▶ **Records for the task**
Segment Open
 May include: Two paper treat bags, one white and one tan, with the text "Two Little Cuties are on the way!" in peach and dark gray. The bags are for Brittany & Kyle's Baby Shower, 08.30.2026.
Segment Closed
Segment Open
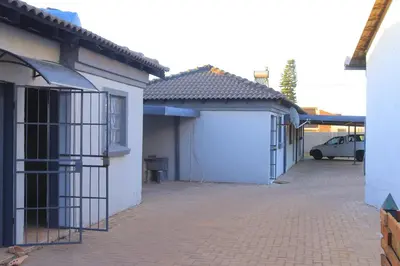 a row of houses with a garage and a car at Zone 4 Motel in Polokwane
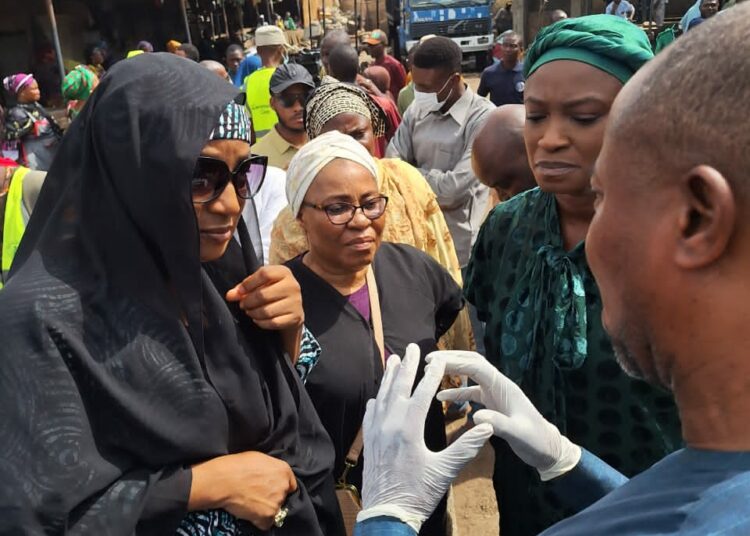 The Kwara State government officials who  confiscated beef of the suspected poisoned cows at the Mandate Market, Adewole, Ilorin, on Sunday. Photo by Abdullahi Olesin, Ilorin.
Segment Closed
Above are some records; extract exactly the lines from the one containing "a row of houses" through the one containing "The Kwara State" and drop the pictures.

 a row of houses with a garage and a car at Zone 4 Motel in Polokwane
 The Kwara State government officials who  confiscated beef of the suspected poisoned cows at the Mandate Market, Adewole, Ilorin, on Sunday. Photo by Abdullahi Olesin, Ilorin.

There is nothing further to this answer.